I am not proud to admit oblivion is ingrained in my personality. I approach many social and emotional issues in my life with naivety and unawareness- not all, but many. My understanding nature that results from my outer shell of oblivion has been taken advantage of time and time again. I’ve been pushed around. I’ve been used. Individuals often forget there’s a person underneath that shell. I am educated, I am creative. I know who I am and I have my own values and ideas. No one can change that. No one can take that away from me. But people can and do take advantage of my void. And I must remind them there is a strong individual underneath the fog and the cloudiness. I, myself, must also remember the emotions of others are at stake within that naive haze.

I am the kind of person who will contort myself to avoid compromising the life of an ant with the soles of my shoes. Subsequently, I don’t have the capacity to intentionally hurt those that I love. As it turns out, being trapped in my own idealistic mind and being oblivious to many of the thoughts and feelings toward me by my peers and loved ones, infringed deeply on my capability to hurt others. For years I had been inflicting pain on individuals I cared about through false pretenses. For many of my friendships, there was a major disconnect between my intentions for the relationship, and how the other party perceived them. This led to fallouts of great friendships that I would never deliberately compromise. The worst part: I had no idea.

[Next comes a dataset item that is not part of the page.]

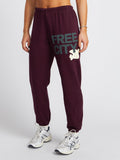LARGE SWEATPANT EGGPLANT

Fortunately all great friendships can and have healed. However, to simply admit that I have hurt people through my very nature is heartrending. This very thought makes me cringe with guilt, discomfort and sadness. To realize this same trait has been the root of much of my vulnerability is equally eye opening. Idealism, naivety and oblivion are not always negative things. In fact, my unawareness has brought considerable happiness to my life. Nevertheless, knowing the consequences of this characteristic of my personality has allowed me to move forward rather than to let it be left to fester and grow more painful. How people have treated me doesn’t define me. Who I have inadvertently hurt doesn’t define me. I am oblivious to many things. But, my obliviousness doesn’t define me. I am not my awareness.”